Hello everyone, I have been stuck on this problem for a while, can anyone please give me an idea to solve this problem?

The statement: Given a tree of $$$n$$$ nodes and weighted edges (numbered from $$$1$$$ to $$$n-1$$$) and $$$q$$$ queries of 2 types:

Type 1: gives $$$k$$$ distinct nodes $$$u_1,u_2,...,u_k$$$ and a node $$$v$$$ different from the given nodes and asks for the maximum sum of edge weights of a path coming from node $$$v$$$ to another node that doesn't go through any of the node $$$u_1,u_2,...u_k$$$.

Type 2: updates the weight of the $$$i^{th}$$$ edge to $$$w$$$.

$$$n,q\leq 2\cdot 10^5,w\leq 10^9$$$, the sum of $$$k$$$ of all queries doesnt exceed $$$2\cdot 10^5$$$.
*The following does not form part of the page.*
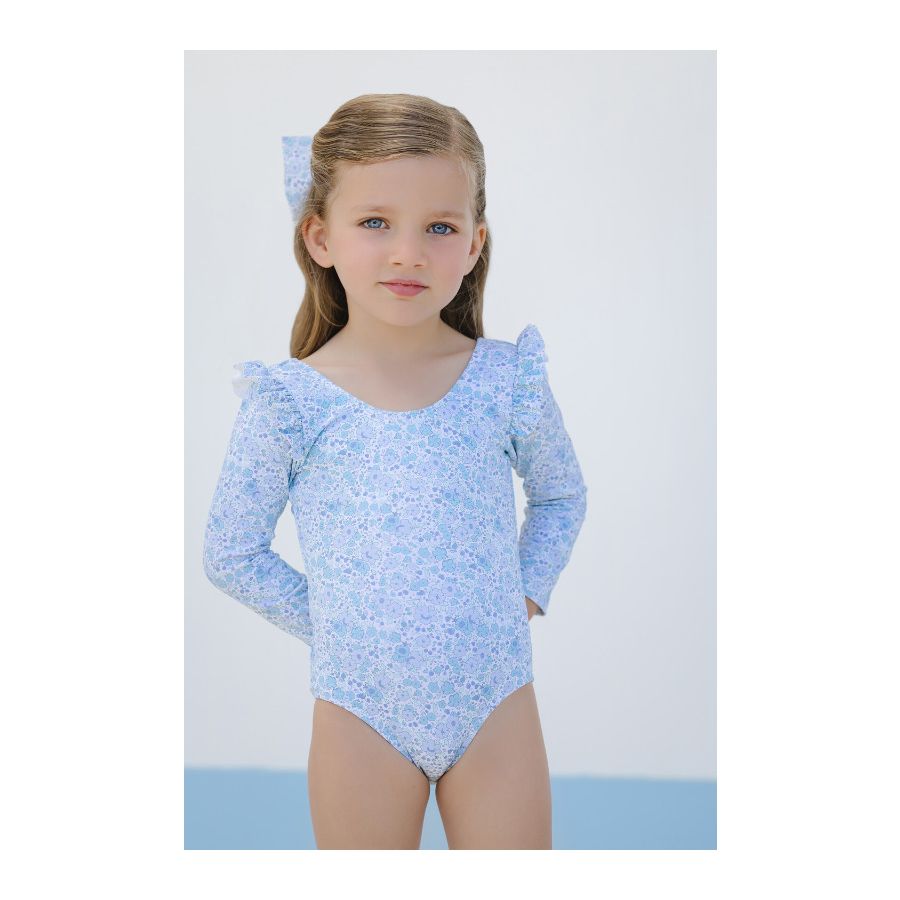 Sal & Pimenta Blue Ditsy Floral Rashguard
original statement (in Vietnamese): https://lqdoj.edu.vn/problem/lqdojcontest15bai5

I've tried constructing virtual trees for each type 1 query but couldn't handle the nodes not included in the query, also tried using centroid decomposition, each node on the centroid tree storing a segment tree for Euler tour but couldn't do the edge updates efficiently.

Thank you for your attention.